More food for thought

 

Many specific, granular findings emerged from the study — especially the idea that proximity matters along with the specifics of the built environment. For starters, other things being equal, workers in research units located near the same dining facilities are more likely to email and interact.

 

“Cafeterias are spaces where verbal and visual communication is an important part of eating culture, especially in a research environment like MIT,” says Basu.

 

Not having to venture outside also influences behavior — at least, it did during the wintery Massachusetts weather during the study period. For research units that are basically an equal distance apart, those linked by interior corridors tended to communicate more than those separated by outdoor space, even when that communication was in the form of email.

 

“We clearly saw that if people’s offices are linked via the indoor Infinite Corridor system, they are more likely to engage in email exchange than if the logical connections between their offices require outdoor paths,” Basu says.

 

As an added wrinkle, however, really busy corridors seem to generate brief greetings more than exchanges that lead to follow-up communication. “We found that if the corridor where person A may be walking past person B’s office on the way to work tends to be more crowded, then it reduces the likelihood of A and B engaging in email exchange,” Sevtsuk says.

 

However, this does not seem to be the case with very crowded cafeterias, which if anything seem to encourage more subsequent contact. “A more crowded cafeteria could provide more opportunities to engage in group conversations, where new social ties can emerge between people who are introduced by mutual connections,” Sevtsuk observes.

 

Not least, the effects of physical proximity are themselves related to preexisting relationships.
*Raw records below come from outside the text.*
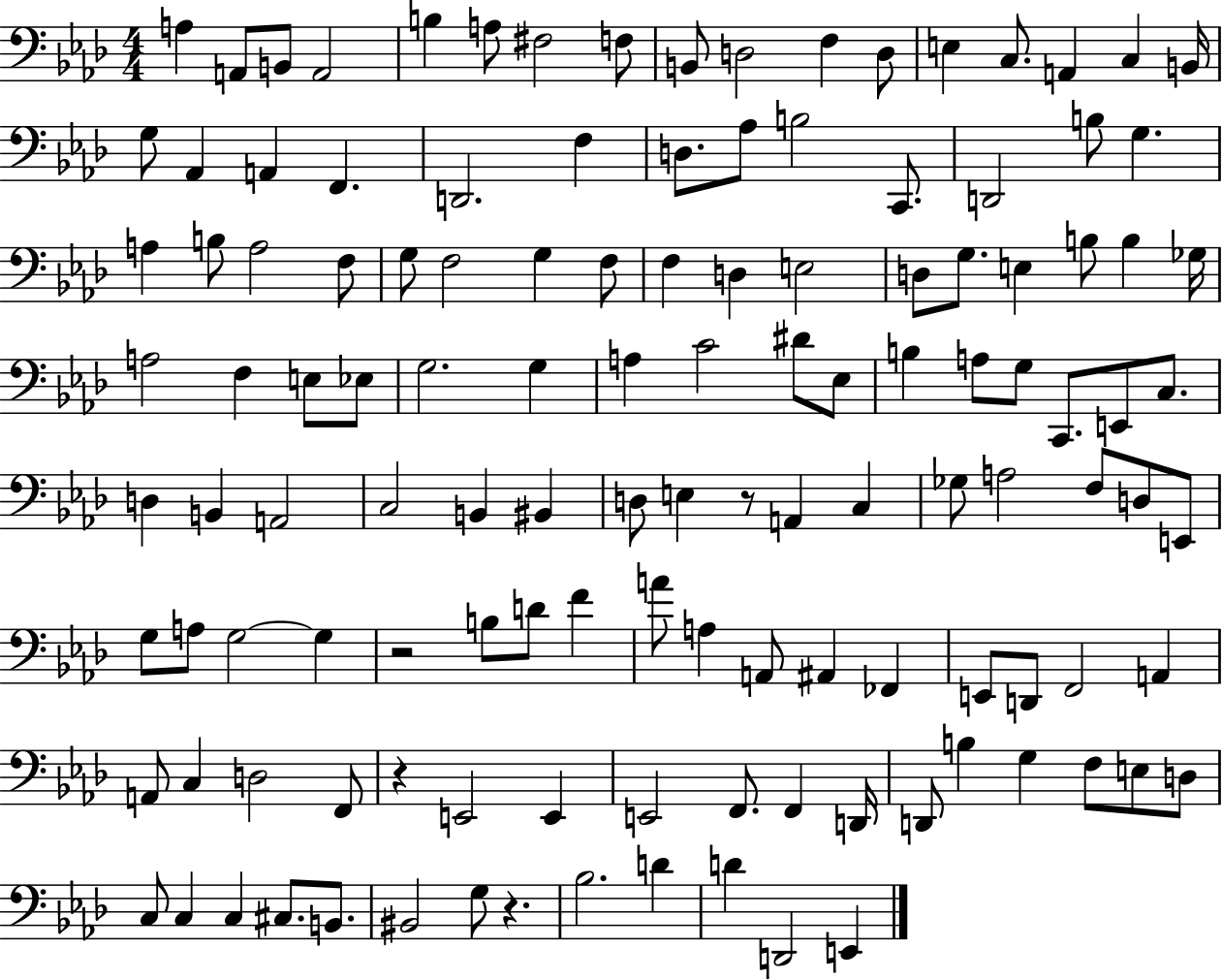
{
  \clef bass
  \numericTimeSignature
  \time 4/4
  \key aes \major
  a4 a,8 b,8 a,2 | b4 a8 fis2 f8 | b,8 d2 f4 d8 | e4 c8. a,4 c4 b,16 | \break g8 aes,4 a,4 f,4. | d,2. f4 | d8. aes8 b2 c,8. | d,2 b8 g4. | \break a4 b8 a2 f8 | g8 f2 g4 f8 | f4 d4 e2 | d8 g8. e4 b8 b4 ges16 | \break a2 f4 e8 ees8 | g2. g4 | a4 c'2 dis'8 ees8 | b4 a8 g8 c,8. e,8 c8. | \break d4 b,4 a,2 | c2 b,4 bis,4 | d8 e4 r8 a,4 c4 | ges8 a2 f8 d8 e,8 | \break g8 a8 g2~~ g4 | r2 b8 d'8 f'4 | a'8 a4 a,8 ais,4 fes,4 | e,8 d,8 f,2 a,4 | \break a,8 c4 d2 f,8 | r4 e,2 e,4 | e,2 f,8. f,4 d,16 | d,8 b4 g4 f8 e8 d8 | \break c8 c4 c4 cis8. b,8. | bis,2 g8 r4. | bes2. d'4 | d'4 d,2 e,4 | \break \bar "|."
}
For people already familiar with each other, the research suggests, proximity leads to more face-to-face interactions; for those previously unfamiliar with each other, meeting people due to proximity tends to lead to a greater proportion of emails being exchanged, at first.

 

Many pathways ahead

 

The researchers believe their methodology could suggest ways to place new faculty or staff in useful spots where they would be able to interact easily with others.

 

“It is possible to use our findings to identify where such locations are within each department and school,” Sevtsuk says.

 

Campus planners could also continue to build on ideas evident in the Stata Center and Sloan building, which have large ground-floor cafeterias and “strategically position social lounges or dining facilities at locations where access from surrounding offices, and the likelihood of passing [by] is highest,” Sevtsuk adds.

 

In universities and tech-firm campuses, Sevtsuk suggests, when new building projects are being considered, it makes sense to “strategically evaluate their locations and circulation systems vis-a-vis spatial connectivity to surrounding departments with which they have the most potential for joint research.”

 

Certainly, MIT, other universities, and large companies cannot always quickly reconfigure themselves. But over time, good planning and design can enhance interdisciplinary work, collaboration, and generate serendipitous meetings between people. Or, as the authors state in the paper, “Planning environments to encourage greater interaction across different groups may offer a pathway to bridge siloed social networks and encourage information exchange between otherwise unlikely parties.”